Termed as a progressive North African country with a higher percentage of the Muslim population, the decision to introduce Islamic Banking came into existence after discussions were in rounds since 2014. With the central bank having assigned duties to a body of Islamic scholars to manage the sector, there were umpteen reasons to reject as well as consider. 1991 marked the year where attempts to cement its foundation were commenced by Wafa bank that offered Islamic financial products. But due to legal issues, it underwent an abortion. Though it was again drawn into discussions in 2007 by a national level introduction of Sharia-compliant products, it failed to leave an impact. Political stability cited as the pillar of progress in Morocco, the emergence of Islamism as the major political force after the Arab uprising, left no room for second thought to pass the green signal for Islamic transactions. But, the drawback lay in the financial markets that lacked liquidity and its failure in attracting enough foreign investors. Taking inspiration from a list of countries that immensely benefitted from Islamic Banking, this proved a turning point to reconsider the application of cost-effective financing.

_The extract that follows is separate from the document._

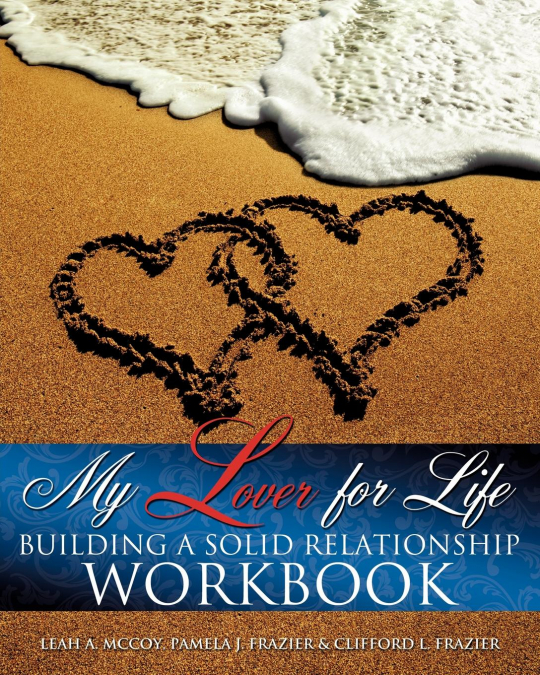 MY LOVER FOR LIFE ' BUILDING A SOLID RELATIONSHIP WORKBOOK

And, that’s how Umnia bank opened its doors five months after the decision was passed in favor of Islamic financing in May 2017. When the conventional type involves the inclusion of interest, Islamic Banking seals its hands tightly in the provision and collection of interest and monetary speculation in transactions. Principles in accordance with the Shariat, it’s ‘no interest banking’ indeed has attracted a large percentage of unbanked Muslim population. Despite its strict rules and regulations where any fee for renting of money (riba) is prohibited, it is today considered the best alternative to conventional banking. When no interest is involved in Islamic transactions, how can it be profitable? And, how did Islamic Banking become a significant aspect of the World Economy?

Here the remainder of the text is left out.